Thursday, August 13, 2009

Modern China, Venerable Genre


The giant eye gazing out of the cover of The Eye of Jade met mine from the library recommended shelf, so I threw it in my bag and brought it home. It turns out to be a detective story set in China, with Mei trying to make it at a private detective after she quit her government job rather than compromise her principles. One guiding principle being that she didn't want to be raped, for example. Her mother figures it's just another way this lesser daughter has disappointed; at least Lu had the sense to marry a rich successful man with lots of power.

Mei works at solving a mystery brought to her by a close family friend, but when her mother suffers a possibly fatal stroke she also has to confront her relationships with her family and her attitude towards people. The mystery spirals in towards her mother's past and the grim and amoral choices everyone was forced to make during the horrors of the Cultural Revolution and the Red Terror.

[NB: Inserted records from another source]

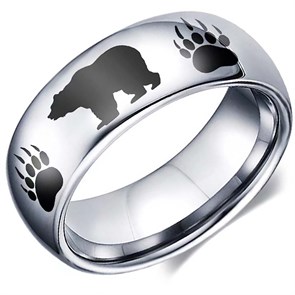 П9.К002 КОЛЬЦО 9.2.002.511607.50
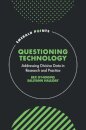 Questioning Technology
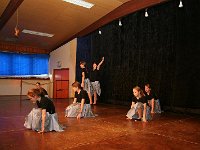 IMG 2160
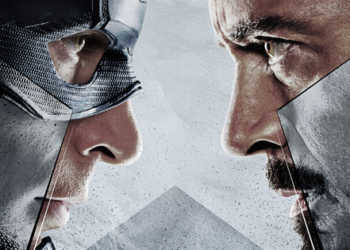 Civil War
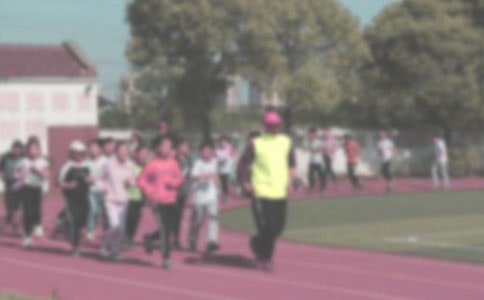 ꖹ⳿�ܻ��(d��ng)���Y(ji��)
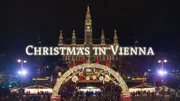 Christmas in Vienna Titel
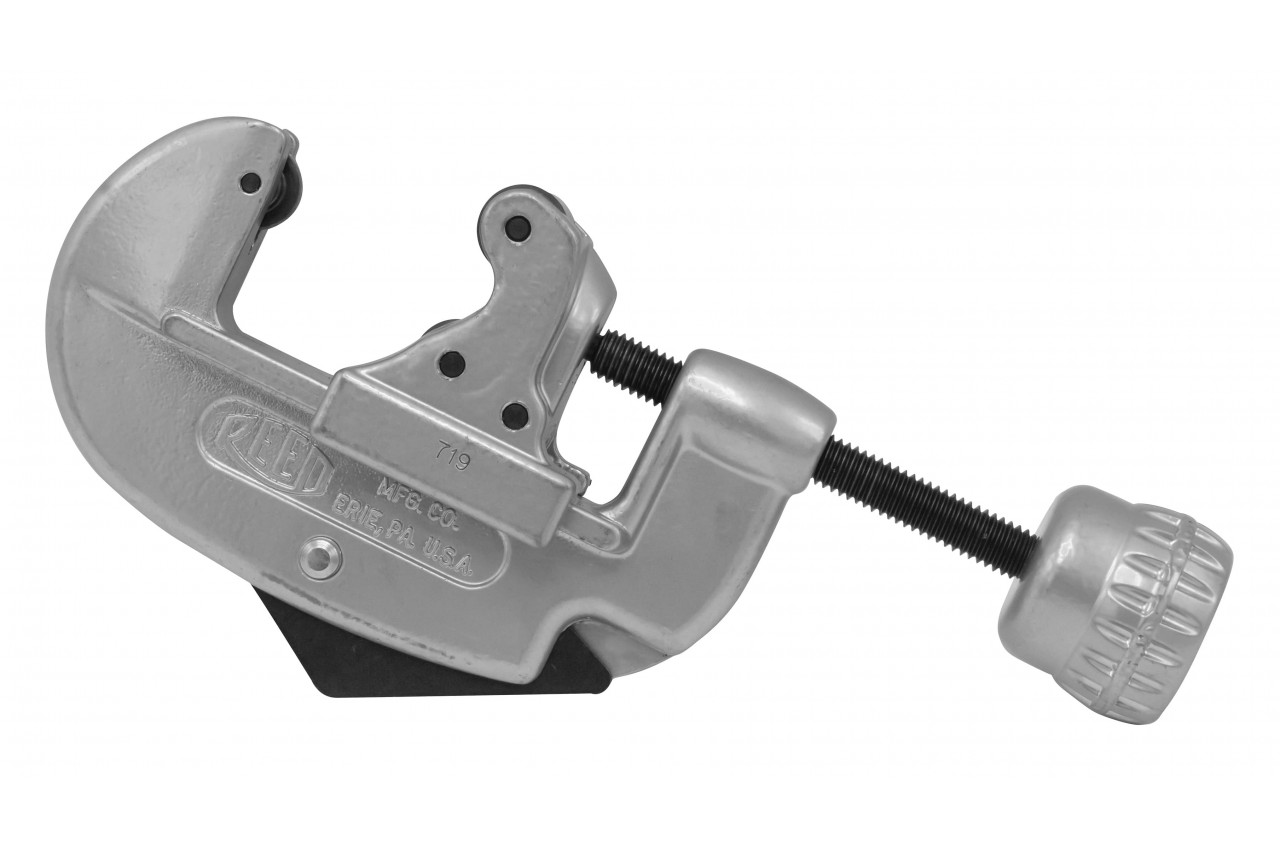 REED - T20 TUBING CUTTER #03487 - T20 - additional view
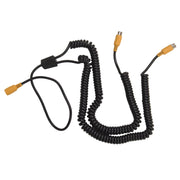 Dewert Okin Sync Linking Cable for Electric Ottoman Bed Lift Hinges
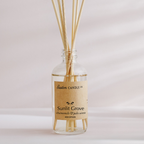 Sunlit Grove Reed Diffuser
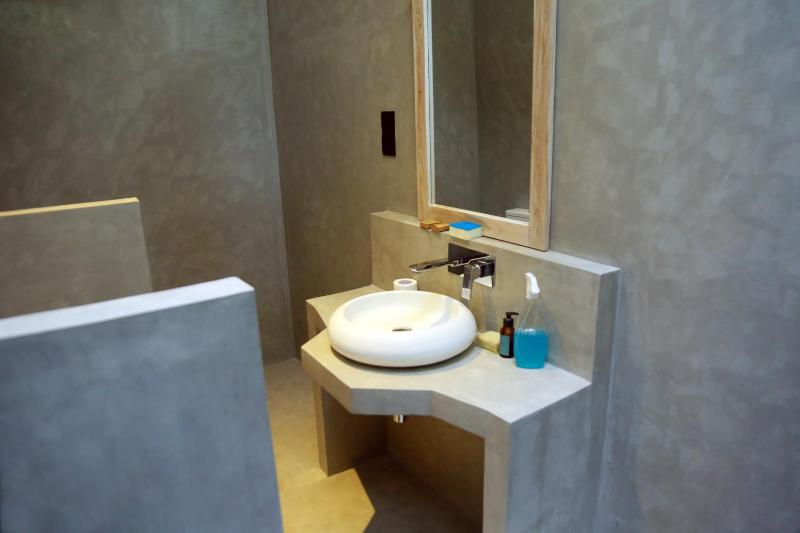 Jack & Rose - Hiriketiya Haven Garden Properties - image 6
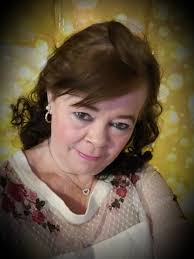 Obituary for Debbie L Bowling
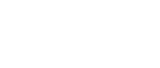 泰国11个小党派宣布支持巴育再任总理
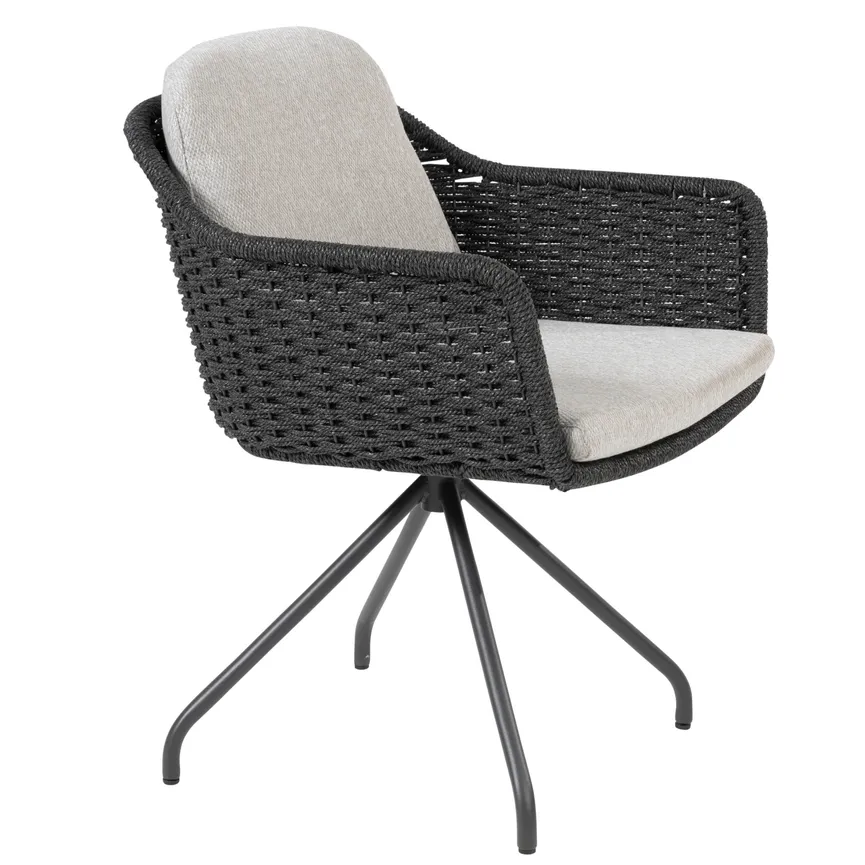 ** Tischset Privada 7-tlg.240x detail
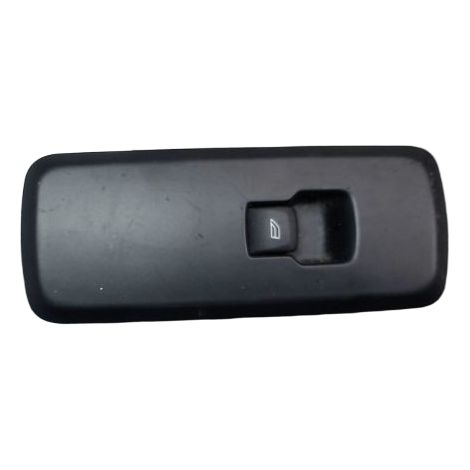 Commande Leve-glace Porte Arg LAND ROVER Discovery 2004- [PRODUIT D'OCCASION]♻️lr086039 (1/3)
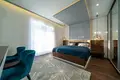 Villa mit 2 Schlafzimmern 185 m² Tivat, Montenegro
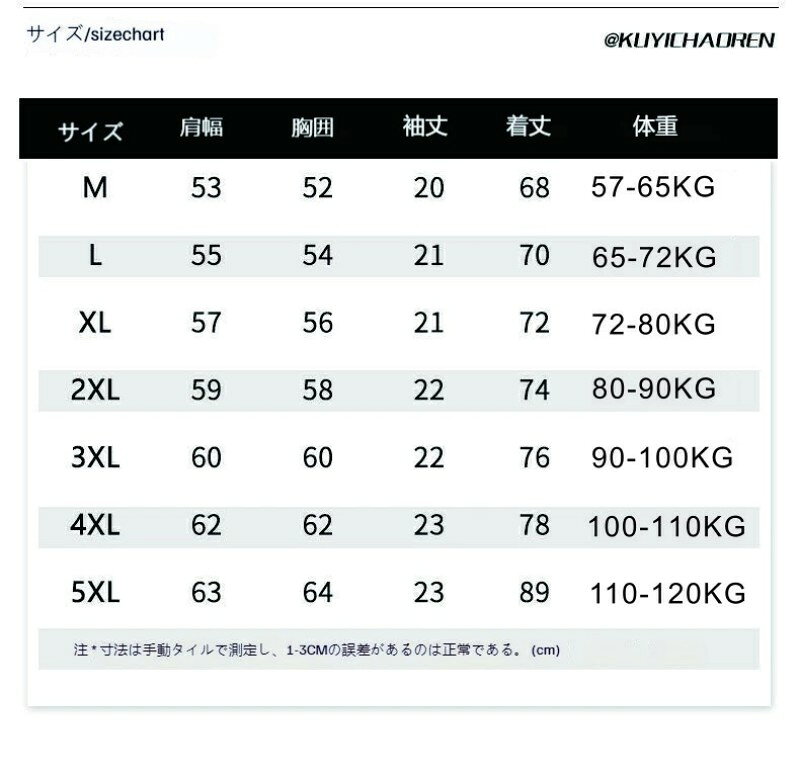 Smart+の2枚入りTシャツ メンズ コットン 大人 /マルチロゴパターンTシャツ/ おしゃれ ロゴ ティーシャツ バックプリント メンズtシャツ 白tシャツ 半袖 春 夏 夏服 春服 クルーネック ブランド高校生 中学生 男子 Tシャツ｜アングル2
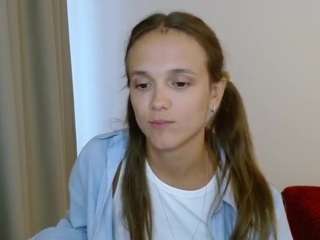 emilydirty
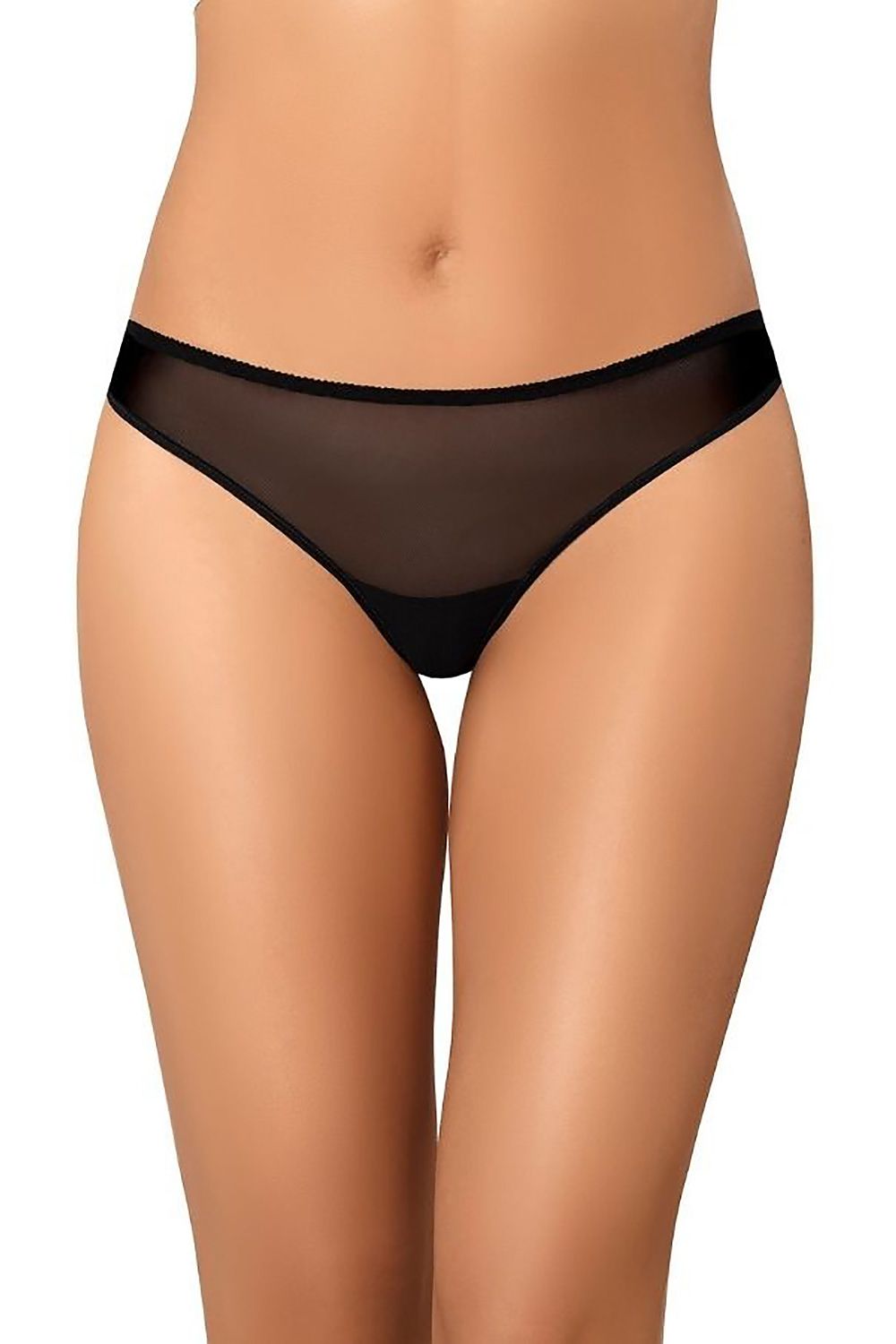  Slip model 182884 Teyli 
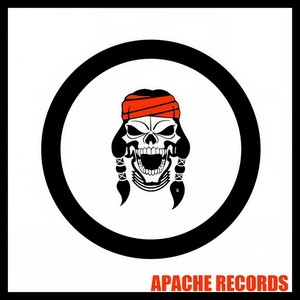 Jajaja (Original Mix)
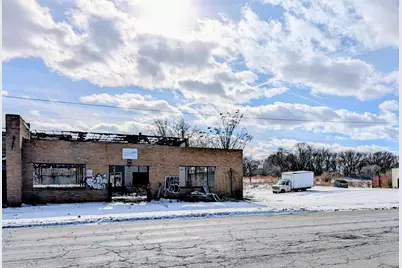 1301 W Ridge Road, Gary, IN 46408 - Photo 3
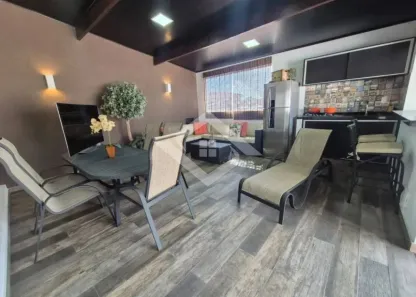 Casa com 2 Quartos à venda, 140m² no Vila da Penha, Rio de Janeiro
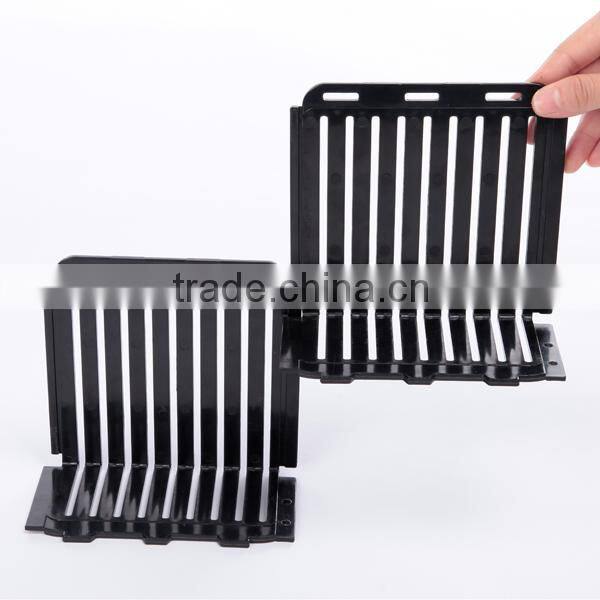 Shelf Management Systems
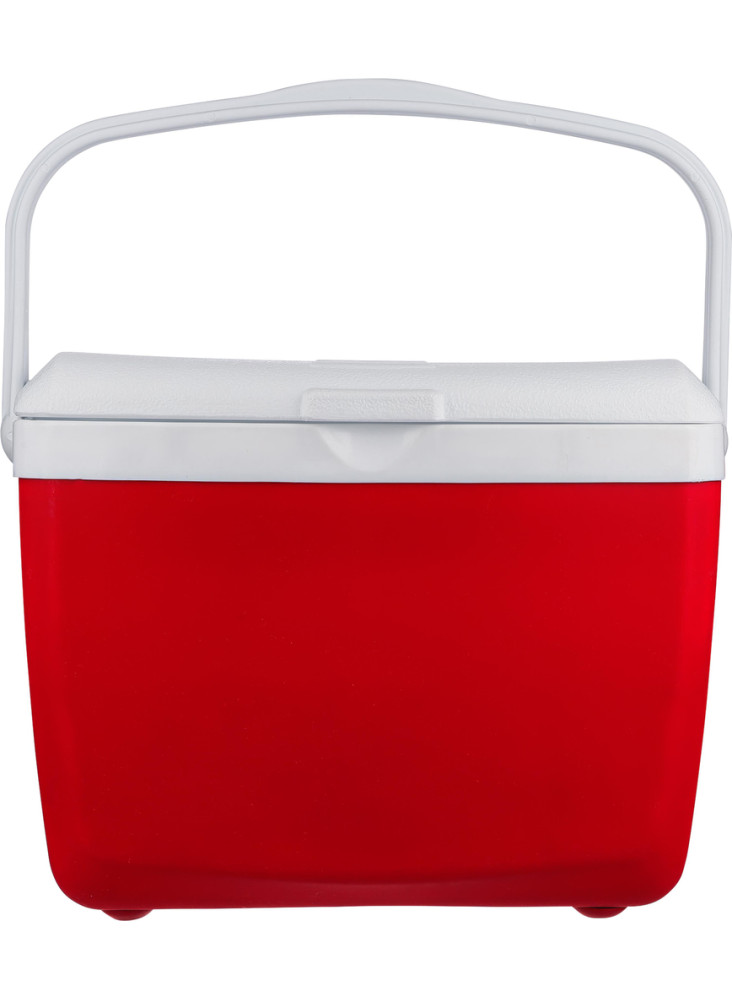 Glacière Solace | 13 l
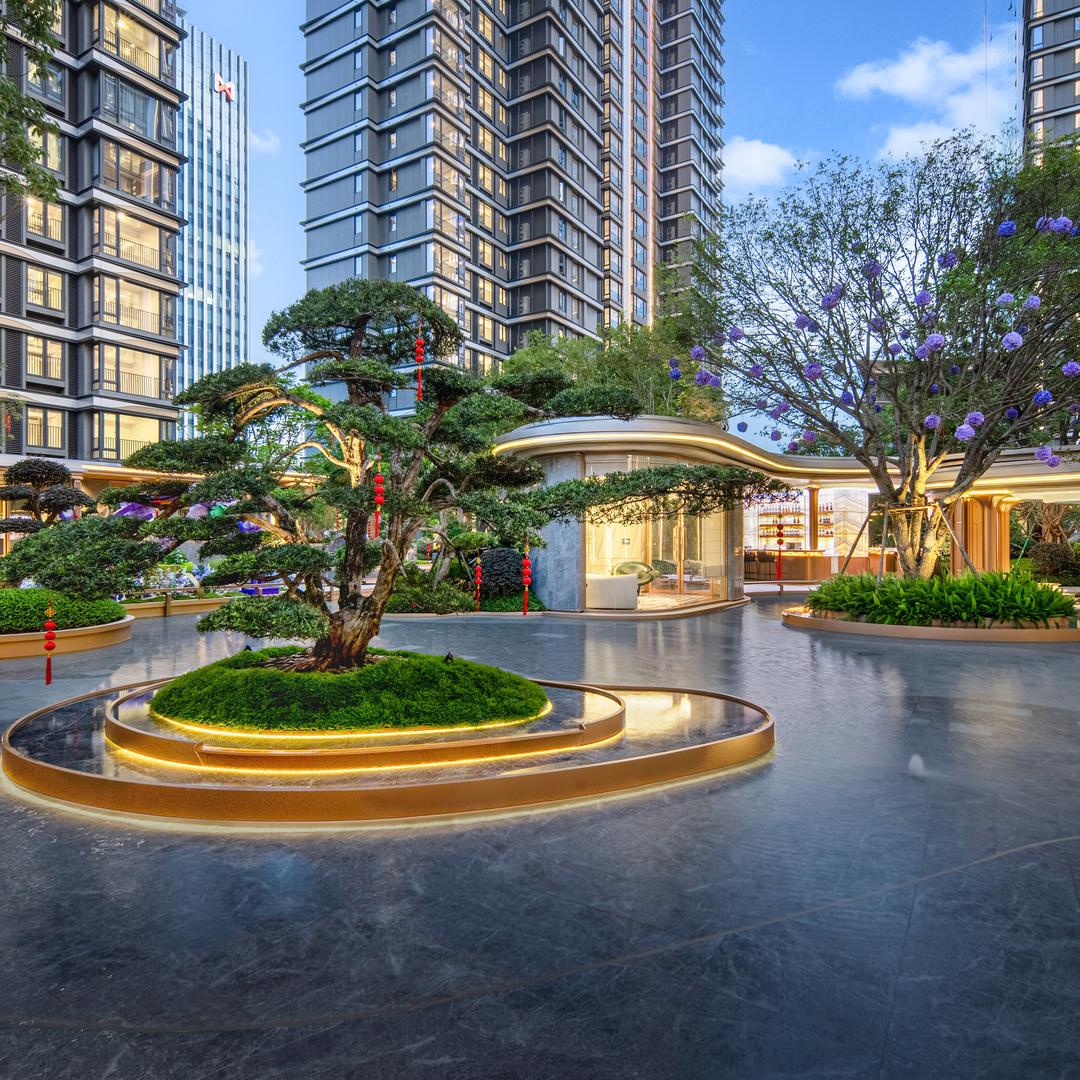 厦门市湖里区淼不梵百货商行（个体工商户）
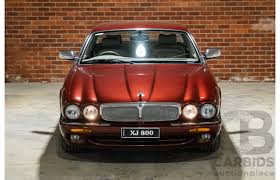 Image result for Madeira Maroon 1999 Jaguar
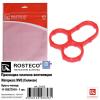 ROSTECO 21522 Комплект привода ГРМ 2дет.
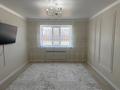 2-комнатная квартира · 63 м² · 5/5 этаж, мкр. Алтын орда, Алтын орда 40г за 200 000 ₸ в Актобе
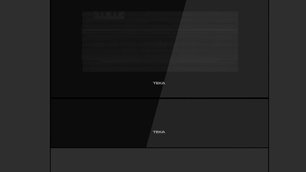 Встраиваемый подогреватель посуды Teka CP 150 GS фото 3 в Тюмени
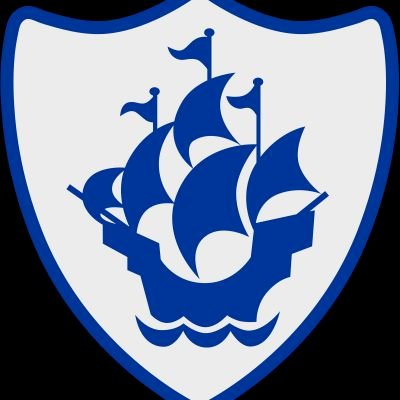 The Unofficial Blue Peter Hub Profile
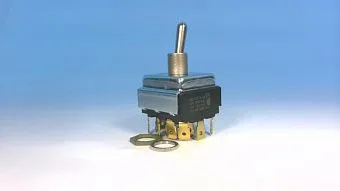 052-769 Тумблер от MILLER ELECTRIC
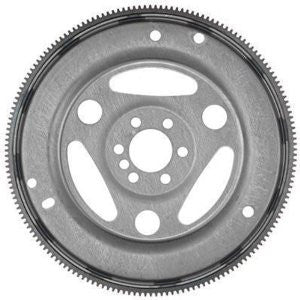 ATP Z-269 Automatic Transmission Flywheel Flex-Plate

The author, Diane Wei Liang, spends much more time on Mei's connection with her family then on her career as a detective, which is good for me since I'm not a big mystery reader. The details of life in modern China are fascinating, with the layered importance of wealth and power, and the buried secrets of recent and generational history. The complex emotions of fear and grief for the ill mother and the anger at some of the secrets uncovered in the investigation give the story its power. Yet I never felt completely engaged; the tone and language kept me at a remove. It was the same feel that the book Waiting gave me, so it might be a style of Chinese writing that doesn't work well for me. I also didn't like the end; Mei makes a major decision essentially off-stage. I would have preferred to see her confront it before the book ended. I probably won't pick up the next book in this series, but I think the author has a new memoir out that I might look for. B-.

1 comment:

kmitcham said...

Chinese girls do not come with green eyes!

We could totally do a family movie night on Big Trouble in Little China. That is a fun movie.